Personalmente penso che, forse , il povero prete francese, è uscito con quella sincera e non richiesta confessione proprio per evitare un culto post-mortem alla sua persona. Come in vita, così in morte, lui voleva stare coi poveri, con i disperati, con quelli che vengono reputati peccatori della Chiesa perché non osservano a puntino tutti i comandamenti divini e i suoi precetti. Quindi, scrivendo quelle parole auto-accusatorie, l’Abbé Pierre, mi sembra che abbia voluto dire a quell’umanità emarginata: “Sono con voi perché sono uno di voi”.
Quel giorno in cui si farà un calendario che ricordi, non solo i santi cattolici, ma tutti i benefattori dell’umanità, un calendario ecumenico, interconfessionale, lì l’Abbé Pierre troverà il suo posto.

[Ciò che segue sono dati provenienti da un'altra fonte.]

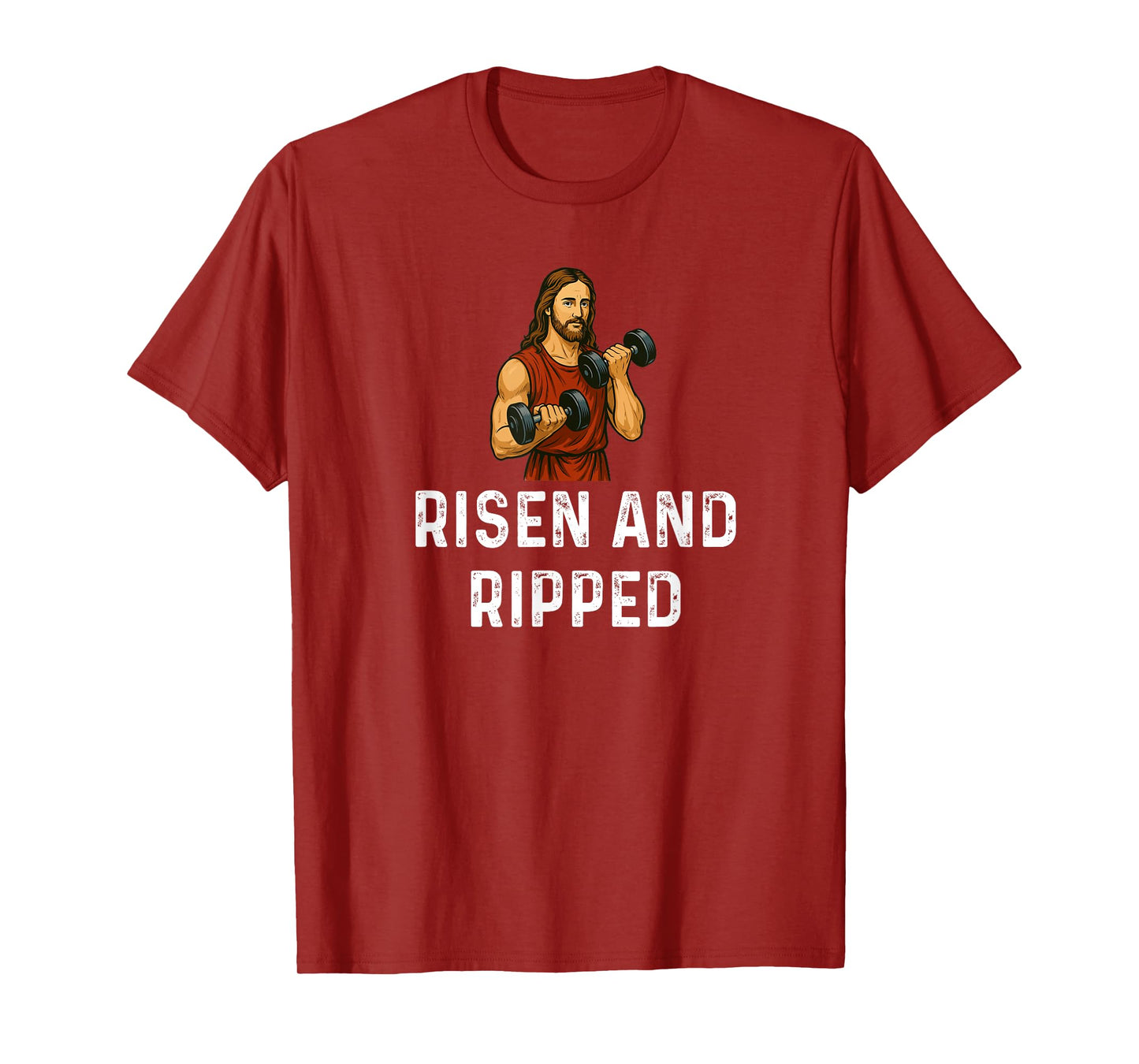 Risen and Ripped Church God Jesus Weight Lifting Fitness T-Shirt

domenica, febbraio 04, 2007

 

In ricordo dell'Abbé Pierre.

Etic(hett)a da "il c@ffè", 4 febbraio 2007

Da più parti mi è stato chiesto se ho conosciuto l’Abbé Pierre; forse perché anche lui è stato Cappuccino, forse perché anch’io mi interesso di problemi sociali. Personalmente non l’ho conosciuto, indirettamente sì. Negli anni ‘70, attirato dalla fama emergente dei campi estivi di Emmaus, con un gruppo di giovani ticinesi feci un’esperienza in quel di Verona, partecipando ad un campo di lavoro organizzato dai discepoli dell’Abbé Pierre. Compito dei ragazzi era quello di andare in città e nelle campagne vicine a raccogliere carta, portarla in un capannone, mentre le ragazze dovevano togliere eventuali nastri adesivi, imballarla per portarla a riciclare. Fu un’esperienza forte e bella. La sera ci si trovava a discutere, e li conoscemmo le gesta di quel eccezionale animatore francese raccontate con entusiasmo da chi lo conosceva. Poi, chi era credente, veniva invitato ad un momento di preghiera. A me rincrebbe che, dopo alcuni giorni di lavoro, fui mandato nella segreteria del campo per ricevere, ascoltare e, con un’assistente sociale, aiutare i vari disperati, soprattutto ex carcerati che bussavano alla porta di quel campo lavorativo. Non so ancora oggi se mi affidarono quel compito perché non rendevo molto nel lavoro materiale (probabilmente), o perché avevano ritenuto che un frate avesse la pazienza necessaria per ascoltare tanti poveri disperati che venivano a chiedere pane e conforto.
Questo mio ricordo di una conoscenza indiretta dell’Abbé Pierre vuol essere un ringraziamento a questo grande uomo per avere indicato ai giovani la strada del volontariato tramite quei campi di lavoro. Io stesso, col gruppo portato a Verona, andai un anno nel trentino a liberare campi e strade dai detriti accumulati da un furioso uragano, ed andammo (o meglio andò il gruppo perché io mi ammalai e finii all’ospedale) in Sicilia dopo il terremoto. Esperienze forti, che consiglio a tutti i giovani dai 15 anni in su. Più di tanti discorsi, il contatto con popolazioni colpite da disgrazie o un’esperienza nel Terzo Mondo, forgia il carattere, apre orizzonti, educa alla socialità, fa vivere il vangelo.